生け花をするにはどの流派を選べばいいの?
生け花の教室の数は山ほどあり、流派も様々。また、最初から自分にあった流派を見つけることは至難の業となっています。まずは市区で開催している体験教室に赴いたり、個人が開催している教室の体験講座や見学会に申し込んでみたりしてはいかがでしょうか。また、デパートや百貨店などの展覧会を見に行ってその流派の雰囲気をつかんでみるのも楽しいかもしれません。HPやブログを参考に、いろいろな角度から情報を得ていくことが決め手になっていきますよ。
生け花教室の費用はどのくらい?
生け花は講座の料金以外に、はじめるときにいろいろな道具を揃える必要があります。また、月謝とは別に花代がかかる場合もあります。ただ、どの流派もそれほど料金に差はありませんよ。

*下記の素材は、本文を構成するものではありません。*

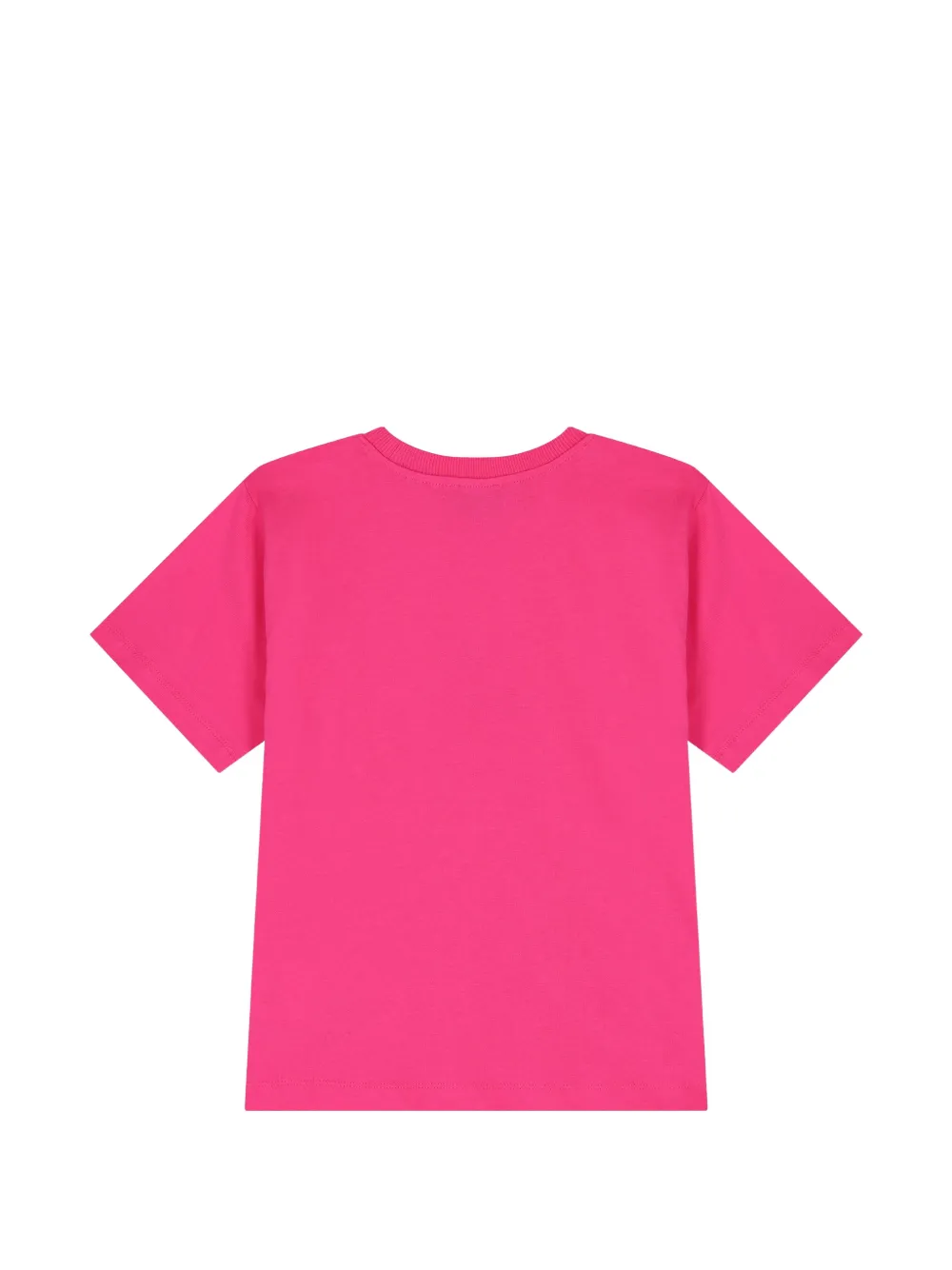 Moschino Kids T-shirt met logoprint Roze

お稽古代が1回につき、1000~3000円、お花代に1000円~2000円くらいが一般的な相場となっています。道具や花器は、最初から高いものを使う必要はありません。徐々に自分好みのものを揃えていくことも生け花を習う醍醐味なんですよ。
いろいろな流派を見て自分の好みの生け花を楽しもう
仕事や家事、子育てで忙しい毎日を過ごしていると、ちょっとしたことに幸せを見つけたり、感謝したりするのを忘れてしまいがちになります。花を生けると、自然を観察し、命を大切にし、個性を表現する方法を学ぶことができます。ストレスの多い時代だからこそ、生け花をはじめて心を癒やしながら、穏やかな気持ちで日々を過ごせたらすてきですね。